I literally fell out of my chair laughing when I read the parts about security and server uptime. The funny thing isn't that they're going to be beaten into the ground in the next set of tests, but that they really don't understand why.
"Your hands can't hit what your eyes can't see..."
It is imperative that the setup of the NT and Linux station is reproducible by anyone. It wouldn't be above MS to make a canned test, if the benchmark cannot be reproduced by a third party, it's a definite indication that the test was rigged and hence invalid.
Worked fine with Netscape 4.06. Besides, this isn't for the Linux community, this is for the PHB's of the world.

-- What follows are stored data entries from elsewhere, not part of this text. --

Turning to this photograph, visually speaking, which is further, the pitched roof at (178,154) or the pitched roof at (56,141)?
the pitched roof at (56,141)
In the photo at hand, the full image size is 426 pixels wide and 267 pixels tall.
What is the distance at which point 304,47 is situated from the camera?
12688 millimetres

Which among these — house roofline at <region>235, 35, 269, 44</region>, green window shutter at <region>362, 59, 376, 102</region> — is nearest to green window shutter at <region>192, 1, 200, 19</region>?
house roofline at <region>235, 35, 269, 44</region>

What do you expect them to say?
"Linux beat us fair and square. It is over 200% faster and costs 100% less then WindowsNT. But this wont be a problem with the release of Windows 2000"

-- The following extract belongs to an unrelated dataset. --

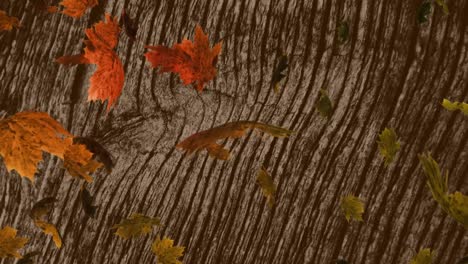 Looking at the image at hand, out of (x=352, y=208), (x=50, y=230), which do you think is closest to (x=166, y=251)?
(x=50, y=230)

Here where I work having USB support on servers is really important because downloading images over a serial connection is way too slow when our customers lose thousands of dollars per second of downtime.
i don't see why...
one of the advantages of linux-based systems is that you have the source code. i see no reason why the linux-tuning experts shouldn't be allowed to do some of *that* kind of tuning too...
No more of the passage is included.